Entries supplied ▸
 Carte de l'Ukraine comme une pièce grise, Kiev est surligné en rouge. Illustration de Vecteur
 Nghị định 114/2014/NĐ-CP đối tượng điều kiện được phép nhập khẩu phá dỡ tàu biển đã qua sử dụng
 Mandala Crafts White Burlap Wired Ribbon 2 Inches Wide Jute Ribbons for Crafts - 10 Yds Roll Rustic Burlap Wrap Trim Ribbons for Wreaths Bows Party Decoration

...

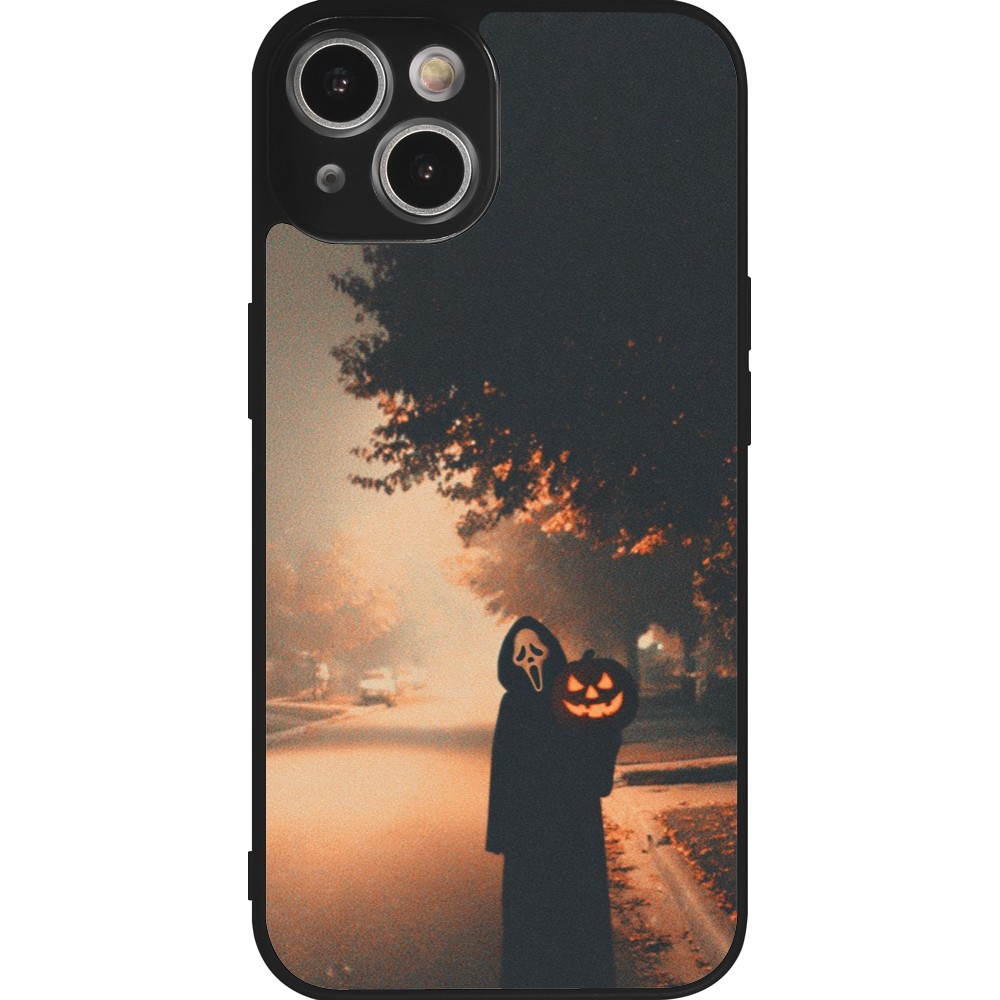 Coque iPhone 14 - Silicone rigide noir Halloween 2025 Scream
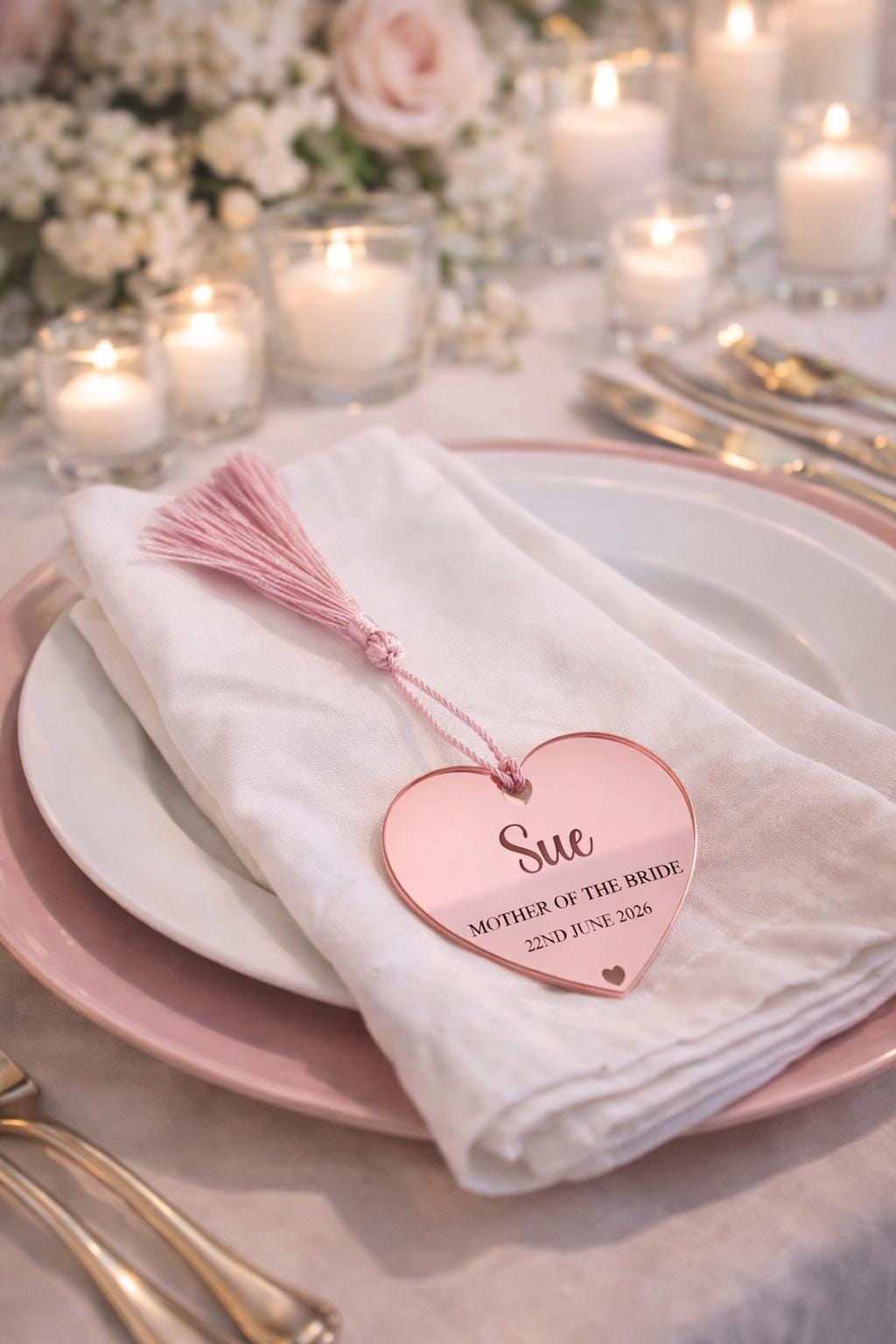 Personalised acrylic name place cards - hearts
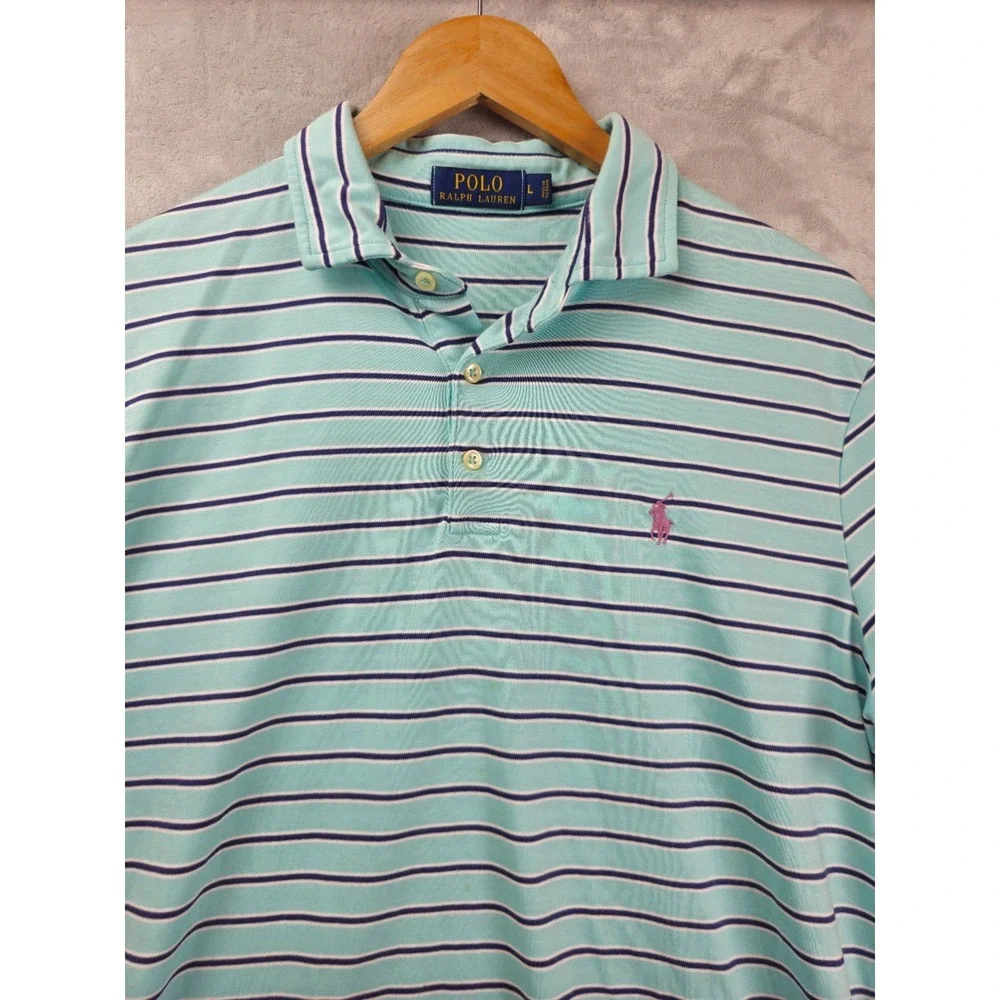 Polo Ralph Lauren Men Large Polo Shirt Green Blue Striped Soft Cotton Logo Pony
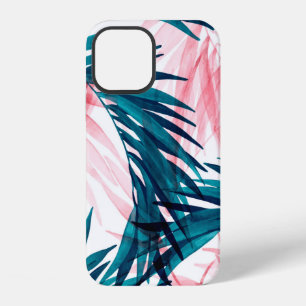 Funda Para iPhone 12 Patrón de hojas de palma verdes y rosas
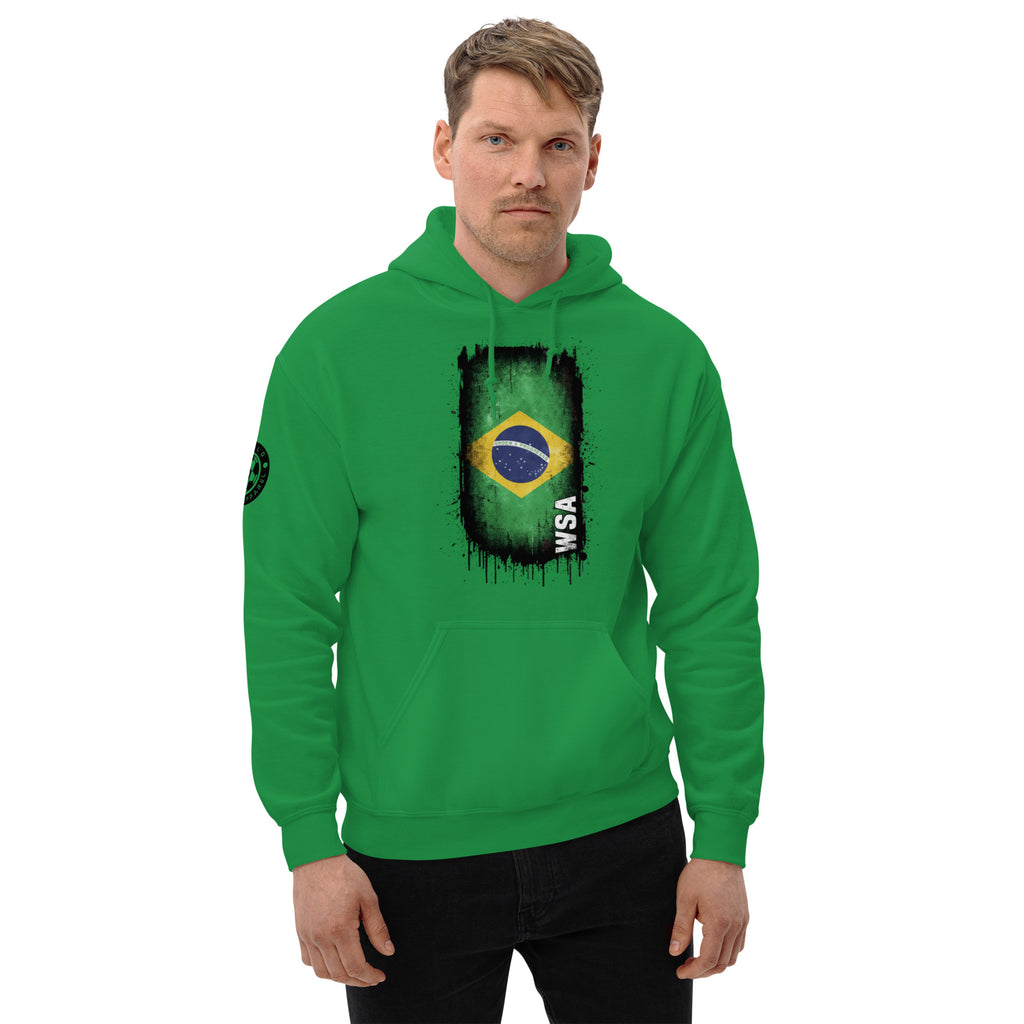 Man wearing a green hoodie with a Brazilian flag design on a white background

---

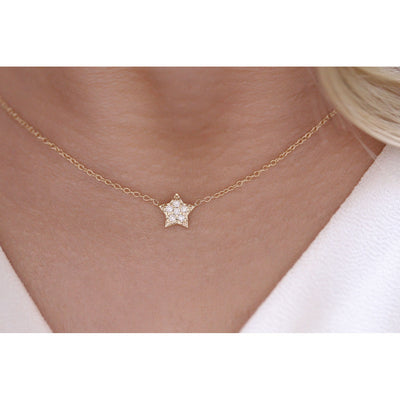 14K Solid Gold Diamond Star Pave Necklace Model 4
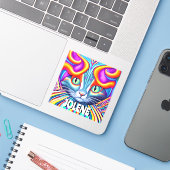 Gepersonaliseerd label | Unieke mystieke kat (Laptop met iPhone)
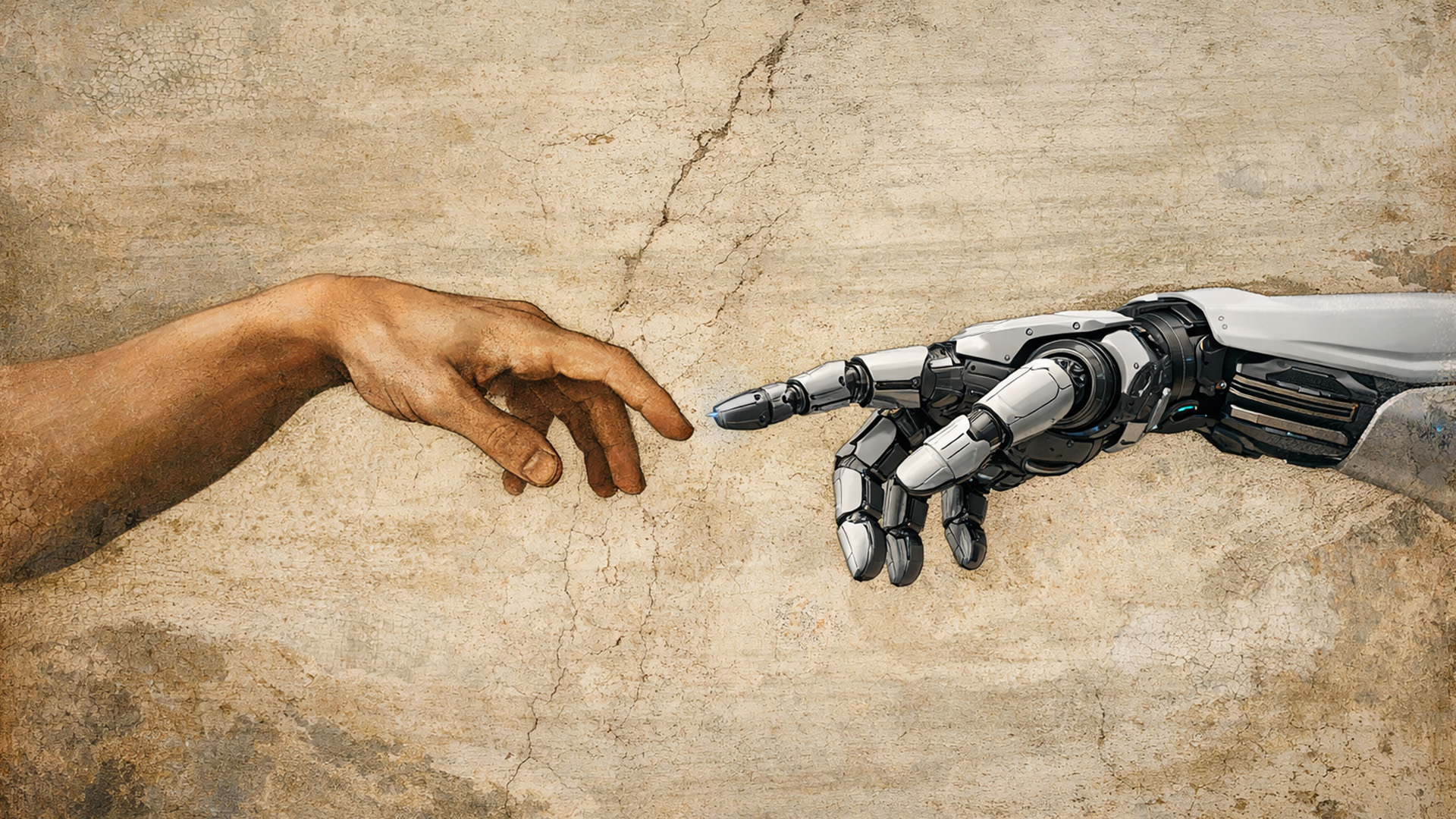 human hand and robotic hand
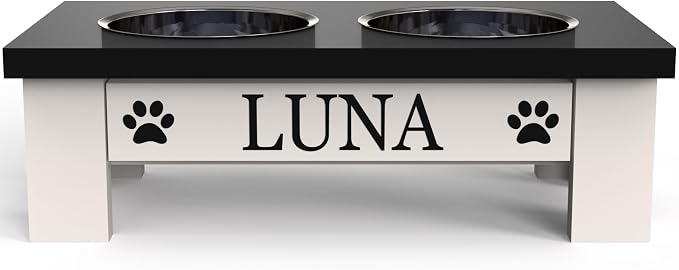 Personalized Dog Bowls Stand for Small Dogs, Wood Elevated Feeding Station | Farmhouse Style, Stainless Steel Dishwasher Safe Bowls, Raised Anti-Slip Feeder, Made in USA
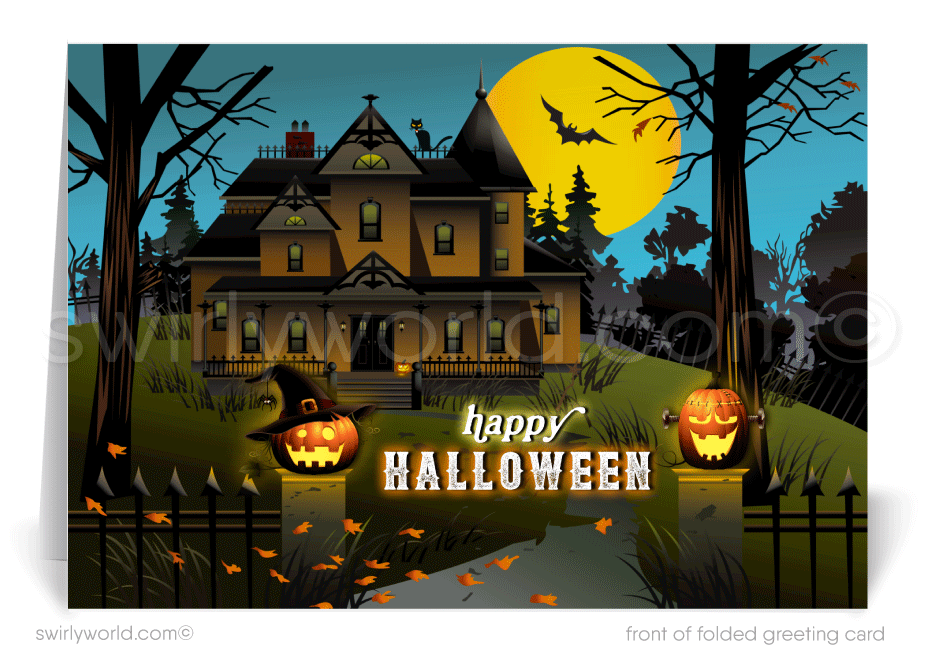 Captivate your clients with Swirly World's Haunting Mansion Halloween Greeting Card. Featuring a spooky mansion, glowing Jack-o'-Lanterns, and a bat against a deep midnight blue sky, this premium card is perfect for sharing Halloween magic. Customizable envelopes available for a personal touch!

Directions ▸ Your answer should be the lines above, word for word, from the line with "14K Solid Gold" through the line with "Captivate your clients", minus the pictures.

Problem solution ▸
 14K Solid Gold Diamond Star Pave Necklace Model 4
 Gepersonaliseerd label | Unieke mystieke kat (Laptop met iPhone)
 human hand and robotic hand
 Personalized Dog Bowls Stand for Small Dogs, Wood Elevated Feeding Station | Farmhouse Style, Stainless Steel Dishwasher Safe Bowls, Raised Anti-Slip Feeder, Made in USA
 Captivate your clients with Swirly World's Haunting Mansion Halloween Greeting Card. Featuring a spooky mansion, glowing Jack-o'-Lanterns, and a bat against a deep midnight blue sky, this premium card is perfect for sharing Halloween magic. Customizable envelopes available for a personal touch!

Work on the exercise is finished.